Magnet Device Aims To Treat Depression
The U.S. government has approved the first noninvasive brain stimulator to treat depression - a device that beams magnetic pulses through the skull.
If it sounds like science-fiction, well, those woodpecker-like pulses trigger small electrical charges that spark brain cells to fire. Yet it doesn't cause the risks of surgically implanted electrodes or the treatment of last resort, shock therapy.
Called transcranial magnetic stimulation or TMS, this gentler approach is not for everyone. The Food and Drug Administration approved Neuronetics Inc.'s NeuroStar therapy specifically for patients who had no relief from their first antidepressant, offering them a different option than trying pill after pill.
"We're opening up a whole new area of medicine," says Dr. Mark George of the Medical University of South Carolina in Charleston, who helped pioneer use of TMS in depression. "There's a whole field now that's moving forward of noninvasive electrical stimulation of the brain."
While there's a big need for innovative approaches - at least one in five depression patients is treatment-resistant - the question is just how much benefit TMS offers.
The FDA cleared the prescription-only NeuroStar based on data that found patients did modestly better when treated with TMS than when they unknowingly received a sham treatment that mimicked the magnet. It was a study fraught with statistical questions that concerned the agency's own scientific advisers.
For a more clear answer, the National Institutes of Health has an independent study under way now that tracks 260 patients and may have initial results as early as next year.
Quantifying the benefit is key, considering the price tag. TMS is expected to cost $6,000 to $10,000, depending on how many treatments a patient needs, says Dr. Philip Janicak of Rush University Medical Center in Chicago, who helped lead the NeuroStar study. That's far more expensive than medication, yet thousands of dollars cheaper than invasive depression devices.
Neuroscientists have been using TMS for years as a research tool in brain studies. Zap a powerful magnet over a certain spot on the head - where motion is controlled - and someone's arm can suddenly, involuntarily, lash out. Beyond the "wow" factor, magnetized pulses were triggering brain activity.
The question was how to harness that activity in a way that might improve disease. TMS also is being studied in stroke rehabilitation and other brain disorders.
"Nobody thought this would work; it was a crazy idea. I had to do it at 6 in the morning before the real scientists came in," South Carolina's George laughs as he recalls work he began in 1993.
But, "the brain is an electrical organ," George adds, explaining the rationale. "Electricity is the currency of the brain. It's how the brain does what it does."
For depression, psychiatrists aim the magnet at the left front of the head, the prefrontal cortex. Since everyone's brain is different, they first zap the top of the head to find a patient's motor-control region, and then carefully move 5 centimeters forward. Then, the NeuroStar beams about 3,000 pulses a minute during a 40-minute treatment, done about five times a week for up to six weeks.

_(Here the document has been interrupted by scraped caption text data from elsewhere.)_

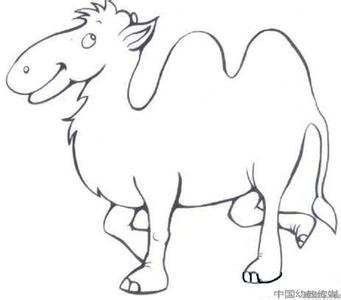 骆驼怎么画简笔画图片 骆驼怎么画简笔画？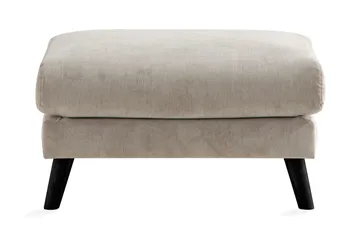 Trend Lyx Fotskammel - Beige - Møbler - Stoler & lenestoler - Krakk - Fotskammel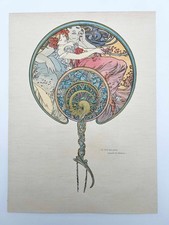 Alphonse Mucha Original Art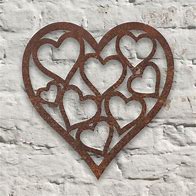 Image result for Metal Heart Art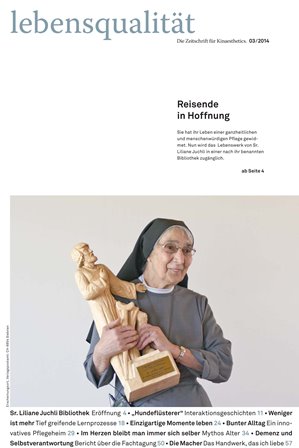 Zeitschrift lebensqualität 03/2014 Zeitschrift lebensqualität 03/2014 Bild anzeigen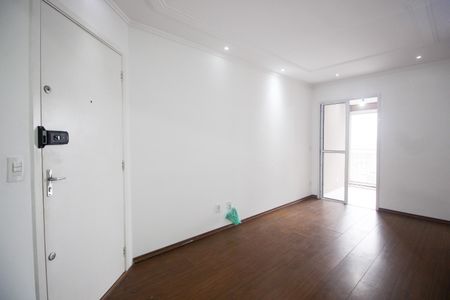 Sala de apartamento à venda com 2 quartos, 52m² em Jardim Henriqueta, Taboão da Serra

The theory: Stimulating brain cells in the prefrontal cortex triggers a chain reaction that also stimulates deeper brain regions involved with mood.
TMS did prove to be very safe: Patients in the NeuroStar study suffered no seizures or memory problems like shock therapy can cause, or other reactions throughout the body. The chief complaint from the sessions was headaches.
The FDA cleared the device after focusing just on a subset of the patients initially enrolled - 164 who had failed one antidepressant during their current bout of depression, not those who were more severely treatment-resistant.
What's a modest benefit? About 24 percent who got TMS scored significantly better on standard depression measures after six weeks, compared with 12 percent who got the sham, says Janicak. That's about as well as patients respond to a single antidepressant, he says.
Some reported remarkable improvement.
"One day it was like a light switch went off," says Steve Newman, 60, of Washington, D.C., who enrolled in the NeuroStar study at the University of Pennsylvania in 2005.
Newman had suffered repeated bouts of depression since he was a teenager, and drug after drug barely blunted it. He was considering shock therapy when he heard about TMS.
After two weeks of treatment, Newman was wondering if he was getting the sham - when suddenly, he started feeling lots better, and doctors spotted a corresponding major improvement in his depression measurements.
"I was awake. I was there," says Newman who said he still gets what he calls a "maintenance dose" of TMS about once a month.